GOAL OF THE EXERCISE →
Write out the records below from the first line through the line containing "senior man and woman riding bicycles", leaving out any pictures.

Records from a collection →
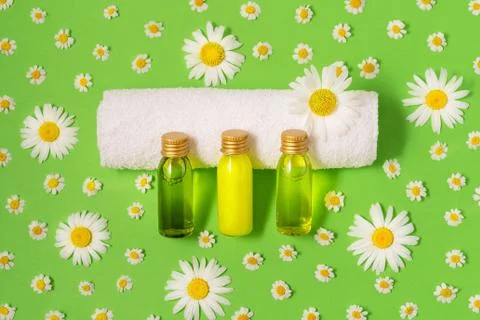 Flat lay of small mockup bottles with spa cosmetic products on green background Stock Photos
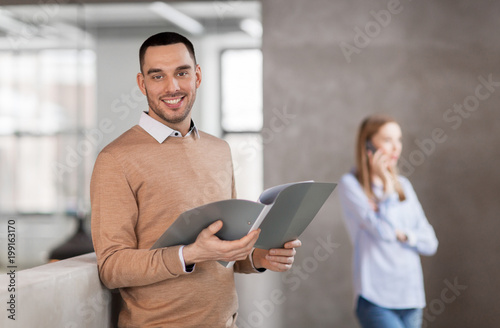 business  people and corporate concept - smiling male office worker with folder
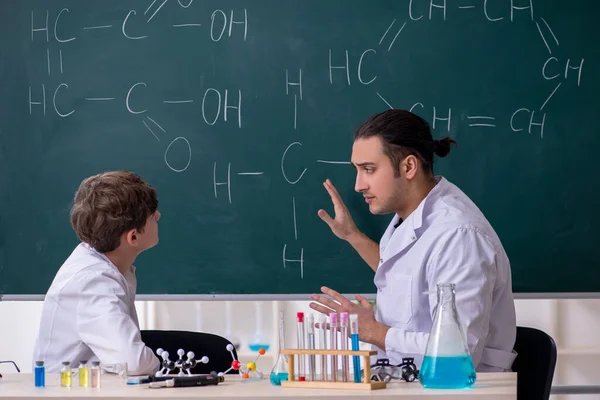 Giovane insegnante di chimica e scolaro in classe — Foto Stock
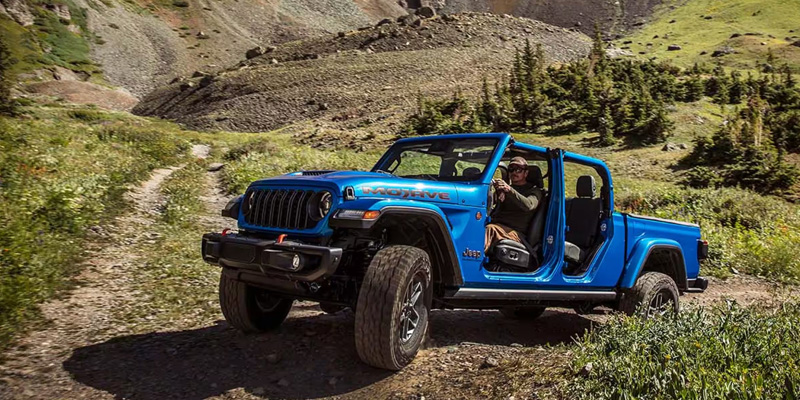 Blue Jeep Gladiator pickup driving off-road on a rocky mountain trail with doors removed.
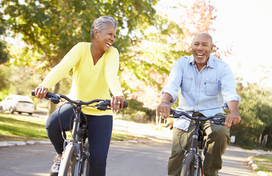 senior man and woman riding bicycles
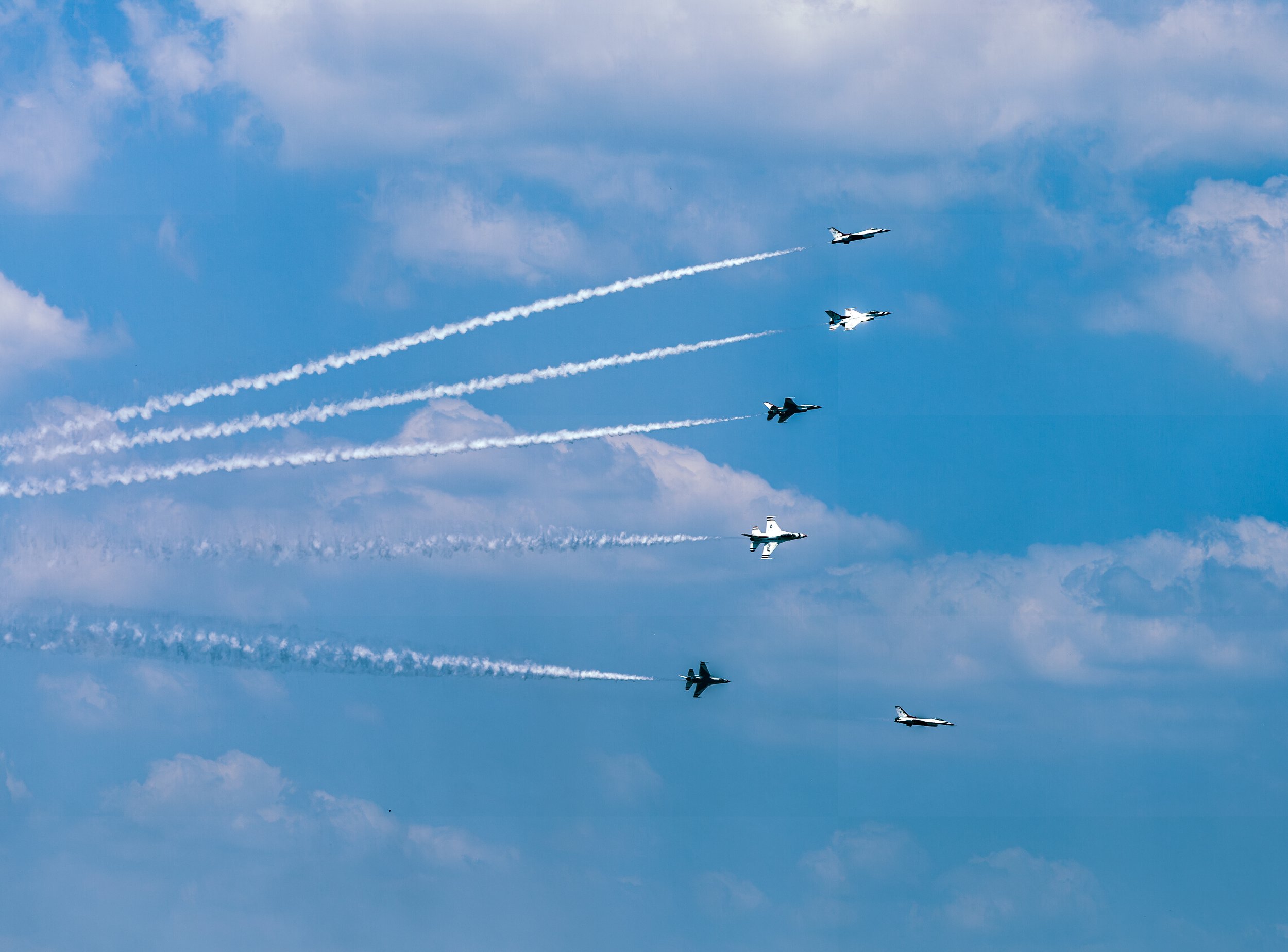 The Thunderbirds perform a precision aerial maneuver, leaving long white smoke trails against a deep blue summer sky.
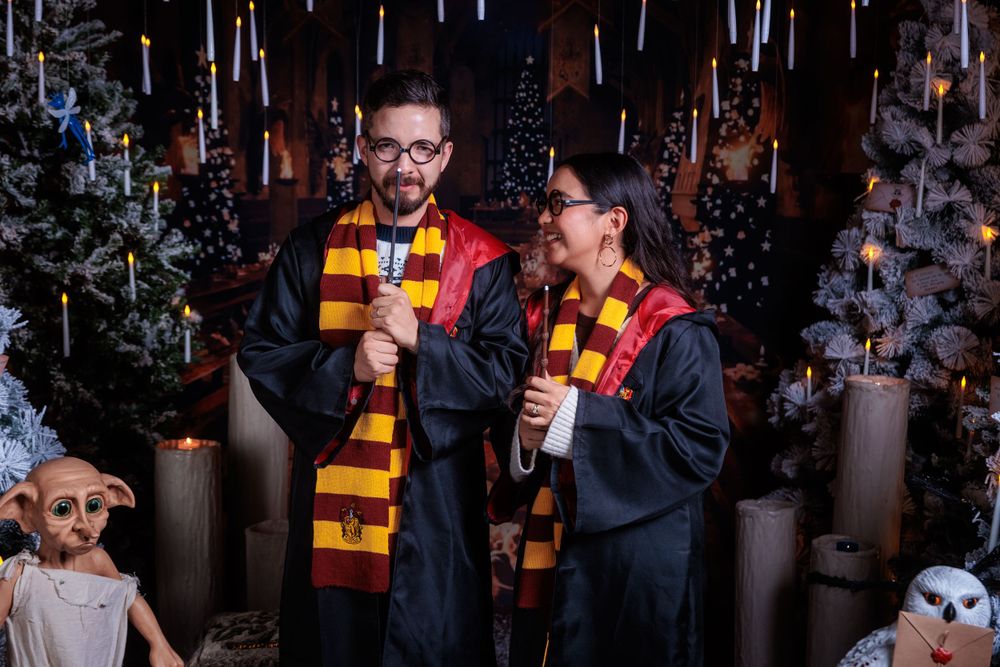 Holiday themed photoshoot featuring Harry Potter inspired scarves and magical winter decor.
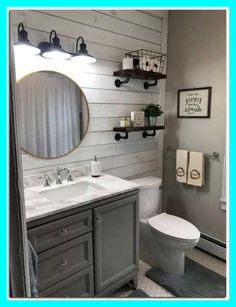 a white toilet sitting next to a sink in a bathroom under a mirror and lights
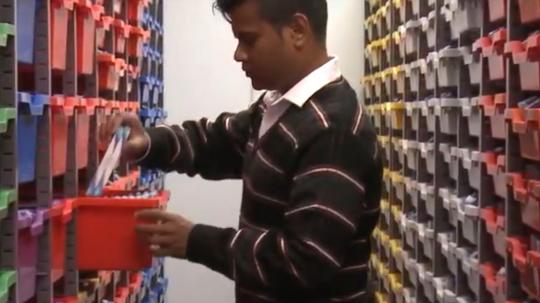 A man searching for items in organised storage containers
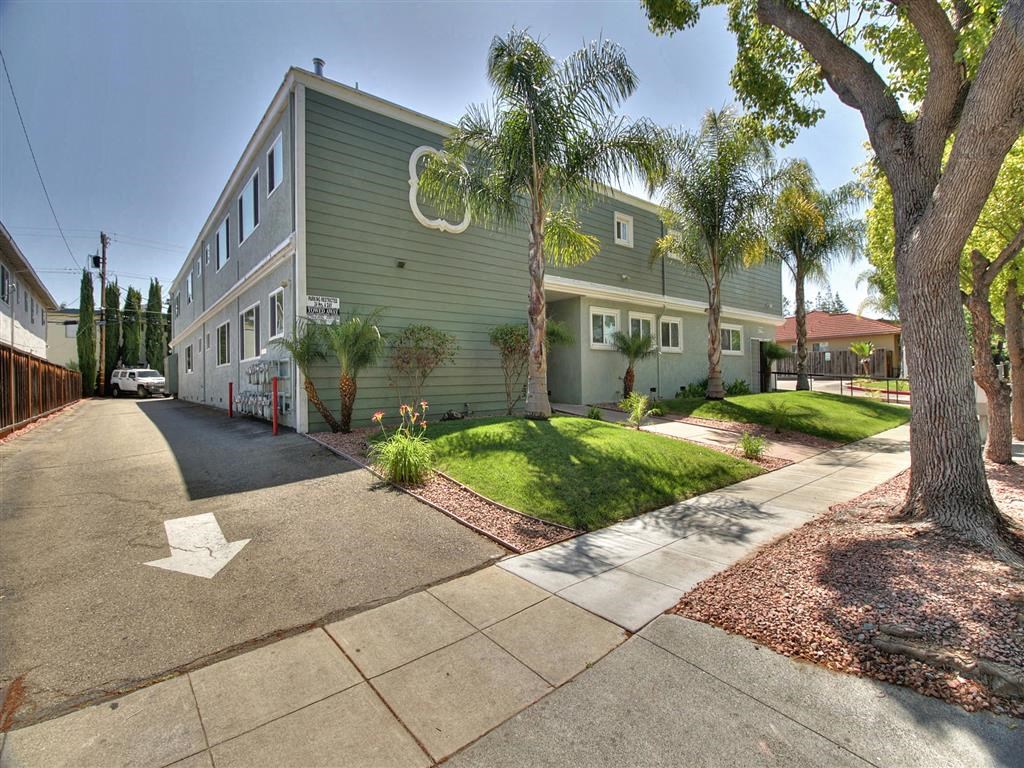 A street view of a green building with a white arrow on the road.
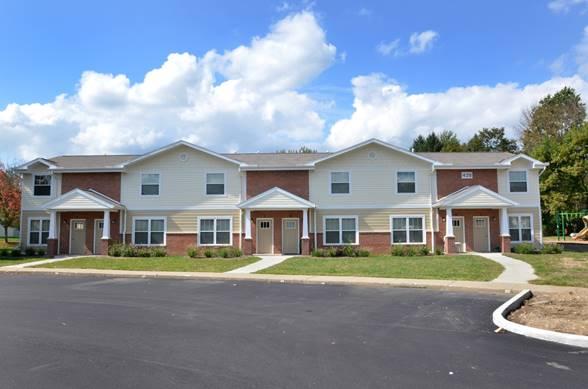 A row of two-story suburban townhouses with brick and beige siding, each with a front door, porch, and small lawn, under a partly cloudy sky.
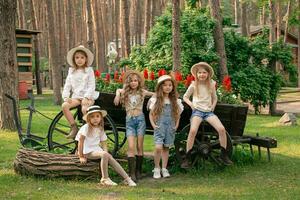 Group of friendly preteen girls posing next to vintage wooden cart designed as flower bed outdoors photo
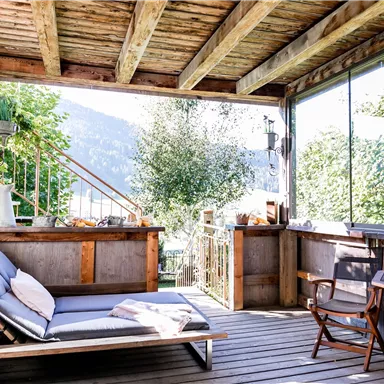 Ein einladender Balkon mit einem gemütlichen Liegestuhl und einem Tisch. Im Hintergrund sind Pflanzen und Bäume zu sehen, die eine entspannende Atmosphäre schaffen.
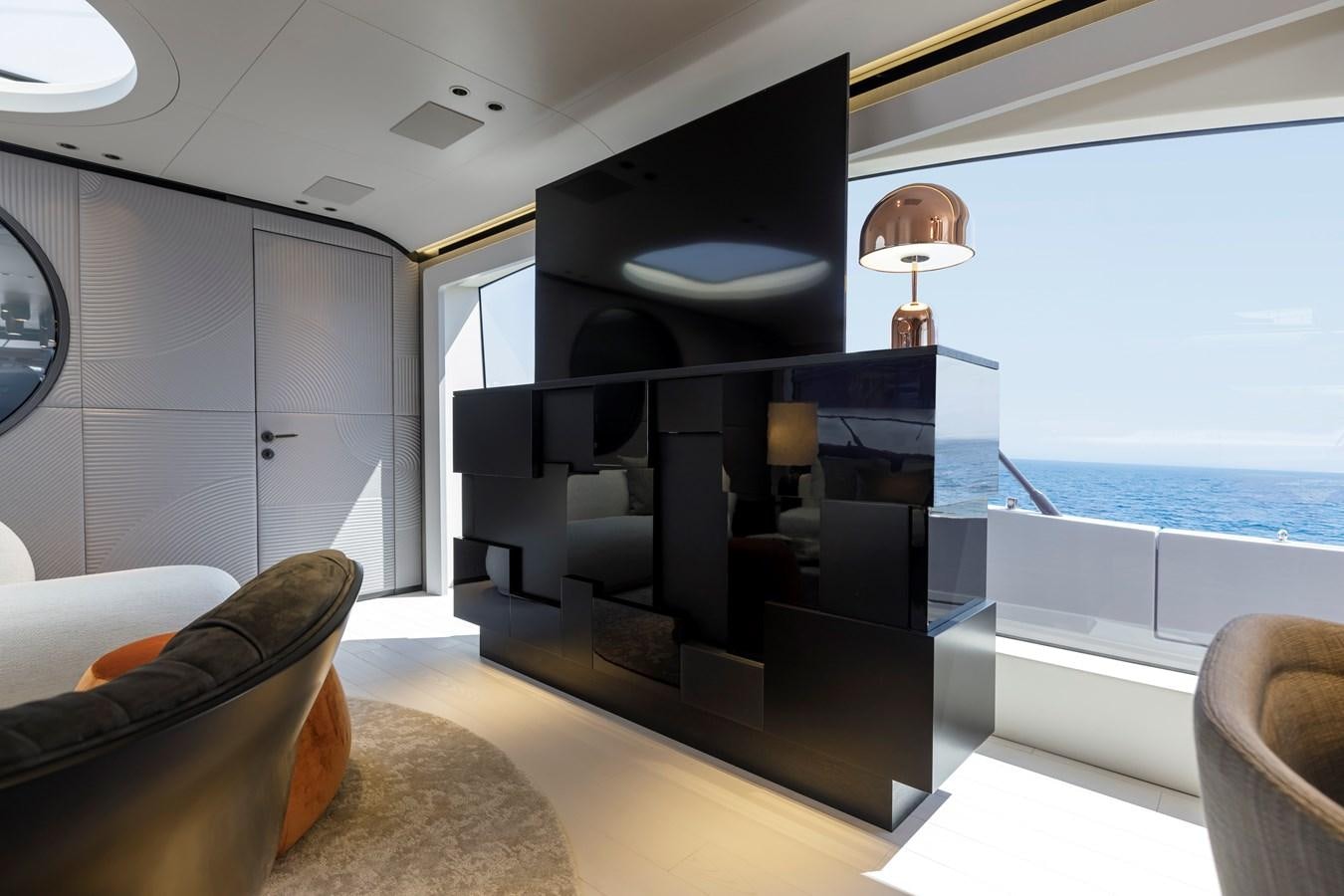 a room with a large window and a view of the ocean aboard MANGUSTA MAXIOPEN 104 REV #04 - EREIVA - CAREFULLY USED Yacht for Sale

ANSWER BOX →
 Flat lay of small mockup bottles with spa cosmetic products on green background Stock Photos
 business  people and corporate concept - smiling male office worker with folder
 Giovane insegnante di chimica e scolaro in classe — Foto Stock
 Blue Jeep Gladiator pickup driving off-road on a rocky mountain trail with doors removed.
 senior man and woman riding bicycles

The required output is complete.